Tissue engineering has emerged as a promising alternative approach to current clinical treatments for restoration of soft tissue defects. The purpose of this study was to investigate adipose tissue formation in vitro and in vivo by using human adipose-derived stromal cells (ADSCs) utilizing a gelatin sponge (Gelform) as a scaffold. Adipogenic potentials of human ADSCs were demonstrated by Oil-O-red staining and cellular morphology. After seeding human ADSCs in a density of 3 x 10(6) cells/ml on three-dimensional gelatin sponges, tissue-engineered constructs were exposed to adipogenic differentiation medium for in vitro studies and implanted in the backs of severe combined immunodeficient (SCID) mice for in vivo adipose regeneration. Adipogenesis of ADSC-seeded gelatin sponges was confirmed by Oil-O-red staining after 4 weeks of in vitro incubation. The optical density of the elution from Oil-O-red staining of adipogenic constructs is significantly higher than that of the control group (p < 0.05, n = 4). With short-term in vitro differentiation, adipogenic constructs turned into fat tissue 4 weeks after in vivo implantation, confirmed by biochemical and immunohistochemical examination. No adipogenic-morphological change or fat formation was observed in in vitro or in vivo studies when ADSCs were exposed to a control medium without adipogenic stimulation. These results indicate that engineered adipose tissue can be achieved using human ADSCs and biocompatible and degradable gelatin sponges.

Comparison of osteogenic potentials of visceral and subcutaneous adipose-derived cells of rabbits.

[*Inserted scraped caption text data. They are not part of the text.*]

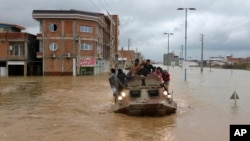 Sebuah kendaraan militer digunakan untuk mengevakuasi warga yang terjebak banjir di kota Aq Qala, provinsi Golestan, Iran. 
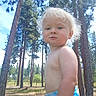 Jade is registered to the contest to win money with this photo: blond_hair, blue_eyes, child, curious, cute, daylight, forest, grass, nature, outdoor, pine_trees, playful, portrait, shirtless, sky, summer, sunlight, toddler, trees, young_child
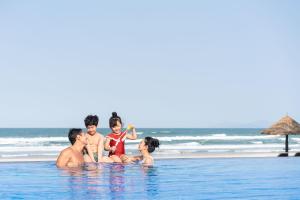岘港Danang Marriott Resort & Spa的坐在海滩游泳池的家庭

BACKGROUND: The demand for a large amount of osteogenic cells required in bone tissue engineering warranted exploration of a new source of osteoprogenitor cells. Recent studies have demonstrated that adipose-derived stromal cells possess multiple differentiation capacities, including osteogenic potential, as bone marrow mesenchymal stem cells. In the present study, the authors compared the osteogenic potentials of adipose-derived stromal cells from different anatomical sites of rabbits. METHODS: Different adipose-derived stromal cells were isolated from rabbit visceral and subcutaneous adipose tissues by enzymatic digestion and in vitro differentiation into osteogenic lineage. Osteogenic markers representing differentiation potentials of adipose-derived stromal cells from different anatomical sites were compared by biochemical and immunohistochemical assessment (n = 3). RESULTS: Fibroblast-like cells were digested from both visceral and subcutaneous adipose tissues. After exposure to osteogenic differentiation medium, visceral adipose-derived cells were found to possess greater osteogenic potentials than cells isolated from subcutaneous adipose tissues, evidenced by significantly different amounts of osteogenic markers including alkaline phosphatase, osteocalcin, and mineral deposition. CONCLUSION: This study indicates that osteogenic potentials of adipose-derived cells vary by their anatomical sites, with visceral adipose-derived cells exhibiting higher osteogenic potential than those isolated from subcutis. However, the mechanism is still unidentified.